DONALD TRUMP

Trump to Kick Off NYC Veterans Day Parade, Offer Tribute

After his remarks, the president will lay a wreath at the Eternal Light memorial in Madison Square Park

President Donald Trump has accepted an invitation to kick off the New York City Veterans Day Parade next week.

United War Veterans Council Chairman Douglas McGowan and the White House said on Wednesday that Trump will offer a tribute to veterans at the opening ceremony of Monday's 100th annual parade. While presidents have always been invited to the parade, McGowan said that, as far as he knows, Trump is the first to accept.

After his remarks, the president will lay a wreath at the Eternal Light memorial in Madison Square Park, White House spokesman Judd Deere said.

Security plans are in development, city officials said. There has been talk Rockefeller Center and Fifth Avenue could be closed to cars during the president's visit, but Mayor de Blasio called that talk premature. He also described Trump's visit as "unusual" in an open-air setting like the parade route, given the security challenges, but added, this is not about Trump but the vets.

Trump, who is deeply unpopular in his hometown of New York, has been a longtime promoter of the parade.

During the 1990s, he pledged a donation of $200,000 and offered to raise money from friends in exchange for being named the parade's grand marshal, The New York Times reported at the time.
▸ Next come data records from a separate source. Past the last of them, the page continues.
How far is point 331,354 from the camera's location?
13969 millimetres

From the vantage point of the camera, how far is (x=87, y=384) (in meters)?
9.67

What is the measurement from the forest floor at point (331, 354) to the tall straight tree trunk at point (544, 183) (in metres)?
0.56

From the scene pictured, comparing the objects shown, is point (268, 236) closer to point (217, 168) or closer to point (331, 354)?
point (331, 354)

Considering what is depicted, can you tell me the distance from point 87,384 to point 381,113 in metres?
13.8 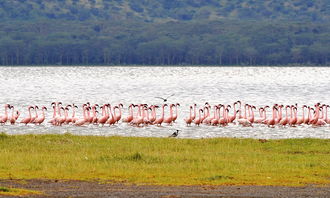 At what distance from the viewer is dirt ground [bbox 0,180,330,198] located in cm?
2362

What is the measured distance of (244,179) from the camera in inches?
1101

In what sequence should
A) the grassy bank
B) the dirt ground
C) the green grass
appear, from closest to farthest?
the green grass < the dirt ground < the grassy bank

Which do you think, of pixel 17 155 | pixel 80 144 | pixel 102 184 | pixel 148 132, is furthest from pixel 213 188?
pixel 148 132

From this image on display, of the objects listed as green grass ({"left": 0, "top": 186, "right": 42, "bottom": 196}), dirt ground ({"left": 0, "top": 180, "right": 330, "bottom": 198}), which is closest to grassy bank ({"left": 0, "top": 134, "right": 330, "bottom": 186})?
dirt ground ({"left": 0, "top": 180, "right": 330, "bottom": 198})

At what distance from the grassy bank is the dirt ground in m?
1.31

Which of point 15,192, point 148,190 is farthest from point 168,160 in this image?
point 15,192

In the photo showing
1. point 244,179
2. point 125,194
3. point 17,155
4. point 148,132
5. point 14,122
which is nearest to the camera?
point 125,194

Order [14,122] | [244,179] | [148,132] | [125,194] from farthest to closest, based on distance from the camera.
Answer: [14,122] < [148,132] < [244,179] < [125,194]

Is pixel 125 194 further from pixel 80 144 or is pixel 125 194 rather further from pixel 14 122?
pixel 14 122

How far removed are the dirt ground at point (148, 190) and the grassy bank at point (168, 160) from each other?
1305 millimetres

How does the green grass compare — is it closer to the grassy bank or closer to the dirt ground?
the dirt ground

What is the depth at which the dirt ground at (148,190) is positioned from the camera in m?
23.6

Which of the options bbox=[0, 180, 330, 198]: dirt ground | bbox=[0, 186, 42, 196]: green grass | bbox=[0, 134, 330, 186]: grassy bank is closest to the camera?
bbox=[0, 186, 42, 196]: green grass

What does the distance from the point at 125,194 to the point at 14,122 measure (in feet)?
125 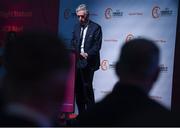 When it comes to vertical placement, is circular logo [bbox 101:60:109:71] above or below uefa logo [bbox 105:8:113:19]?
below

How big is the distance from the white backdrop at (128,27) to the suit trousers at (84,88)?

He also donated toward the creation of the city's Vietnam Veterans Memorial.

"This is a day when we put politics aside to focus on honoring our veterans, and to re-commit ourselves as a community to providing them with the services they have earned, the services they deserve and, for many, the services they were denied," McGowan said in a statement.

The announcement comes just days after news broke that the Republican president, who was born in Queens, has officially changed his residency to Florida, where he owns several properties, including the Mar-a-Lago club, where he spends many winter weekends.

More than 25,000 parade participants including veterans, active duty military personnel and their supporters are expected to march along Fifth Avenue.

At last year's parade, marching bands played patriotic songs and onlookers waved American flags. That parade commemorated the 100th anniversary of the end of World War I.